### To do
Of the lines below, reproduce exactly those from the line containing "Carry Joy, Spread Love – Cross-Body Bag" to the end, including both the first and the last.
BEGIN Record set
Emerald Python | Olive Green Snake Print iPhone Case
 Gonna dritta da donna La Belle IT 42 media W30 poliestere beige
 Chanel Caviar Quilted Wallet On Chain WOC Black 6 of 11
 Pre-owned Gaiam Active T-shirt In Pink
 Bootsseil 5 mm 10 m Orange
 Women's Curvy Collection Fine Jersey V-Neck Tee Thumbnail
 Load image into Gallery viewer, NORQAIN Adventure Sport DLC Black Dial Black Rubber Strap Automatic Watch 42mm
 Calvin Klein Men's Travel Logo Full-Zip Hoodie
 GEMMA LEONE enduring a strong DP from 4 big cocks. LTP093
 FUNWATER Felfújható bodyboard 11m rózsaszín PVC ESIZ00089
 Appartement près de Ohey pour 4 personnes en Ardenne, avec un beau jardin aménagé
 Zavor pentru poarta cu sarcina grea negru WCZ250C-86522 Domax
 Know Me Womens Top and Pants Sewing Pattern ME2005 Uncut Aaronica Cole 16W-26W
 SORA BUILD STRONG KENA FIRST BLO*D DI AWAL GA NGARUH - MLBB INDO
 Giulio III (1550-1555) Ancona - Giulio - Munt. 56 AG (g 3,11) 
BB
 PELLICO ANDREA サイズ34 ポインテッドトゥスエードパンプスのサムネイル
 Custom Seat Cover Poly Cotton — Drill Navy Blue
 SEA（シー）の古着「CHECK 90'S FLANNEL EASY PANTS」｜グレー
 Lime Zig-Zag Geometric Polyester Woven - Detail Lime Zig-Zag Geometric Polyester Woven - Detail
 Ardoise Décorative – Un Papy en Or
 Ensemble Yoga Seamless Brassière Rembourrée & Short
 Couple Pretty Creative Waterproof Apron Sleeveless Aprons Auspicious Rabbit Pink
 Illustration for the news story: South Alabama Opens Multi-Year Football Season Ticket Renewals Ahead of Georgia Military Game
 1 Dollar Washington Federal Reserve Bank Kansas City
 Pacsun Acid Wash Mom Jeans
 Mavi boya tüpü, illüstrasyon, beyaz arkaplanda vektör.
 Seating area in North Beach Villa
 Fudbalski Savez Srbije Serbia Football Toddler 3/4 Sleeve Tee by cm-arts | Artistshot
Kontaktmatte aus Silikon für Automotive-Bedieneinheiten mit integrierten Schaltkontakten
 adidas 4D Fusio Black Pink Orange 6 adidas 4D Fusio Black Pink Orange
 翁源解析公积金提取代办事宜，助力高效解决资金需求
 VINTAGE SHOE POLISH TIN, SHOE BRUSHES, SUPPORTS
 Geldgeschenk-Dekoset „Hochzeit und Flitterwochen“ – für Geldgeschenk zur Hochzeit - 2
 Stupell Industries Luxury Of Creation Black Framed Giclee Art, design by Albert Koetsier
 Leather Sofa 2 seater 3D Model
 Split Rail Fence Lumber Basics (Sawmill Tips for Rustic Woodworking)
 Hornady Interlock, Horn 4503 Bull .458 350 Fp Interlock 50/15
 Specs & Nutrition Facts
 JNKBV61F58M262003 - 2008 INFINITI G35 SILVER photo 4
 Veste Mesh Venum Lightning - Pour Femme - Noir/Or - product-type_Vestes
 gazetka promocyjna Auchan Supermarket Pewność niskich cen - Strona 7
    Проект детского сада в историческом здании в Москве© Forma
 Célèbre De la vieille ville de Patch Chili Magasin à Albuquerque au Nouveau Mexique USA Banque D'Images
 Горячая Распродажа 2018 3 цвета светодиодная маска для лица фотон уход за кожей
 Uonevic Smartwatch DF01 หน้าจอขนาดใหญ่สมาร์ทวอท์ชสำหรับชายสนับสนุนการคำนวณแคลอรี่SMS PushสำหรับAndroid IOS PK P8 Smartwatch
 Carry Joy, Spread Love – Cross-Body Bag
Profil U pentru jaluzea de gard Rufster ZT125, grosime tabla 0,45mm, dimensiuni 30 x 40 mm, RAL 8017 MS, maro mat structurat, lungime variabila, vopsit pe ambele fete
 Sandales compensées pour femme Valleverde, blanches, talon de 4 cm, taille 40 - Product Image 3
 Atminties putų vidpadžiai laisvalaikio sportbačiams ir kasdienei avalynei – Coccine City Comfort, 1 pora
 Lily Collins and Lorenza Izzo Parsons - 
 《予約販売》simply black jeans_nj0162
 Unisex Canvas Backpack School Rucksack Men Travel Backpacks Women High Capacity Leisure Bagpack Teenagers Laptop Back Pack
END Record set
### Your solution
 Carry Joy, Spread Love – Cross-Body Bag
Profil U pentru jaluzea de gard Rufster ZT125, grosime tabla 0,45mm, dimensiuni 30 x 40 mm, RAL 8017 MS, maro mat structurat, lungime variabila, vopsit pe ambele fete
 Sandales compensées pour femme Valleverde, blanches, talon de 4 cm, taille 40 - Product Image 3
 Atminties putų vidpadžiai laisvalaikio sportbačiams ir kasdienei avalynei – Coccine City Comfort, 1 pora
 Lily Collins and Lorenza Izzo Parsons - 
 《予約販売》simply black jeans_nj0162
 Unisex Canvas Backpack School Rucksack Men Travel Backpacks Women High Capacity Leisure Bagpack Teenagers Laptop Back Pack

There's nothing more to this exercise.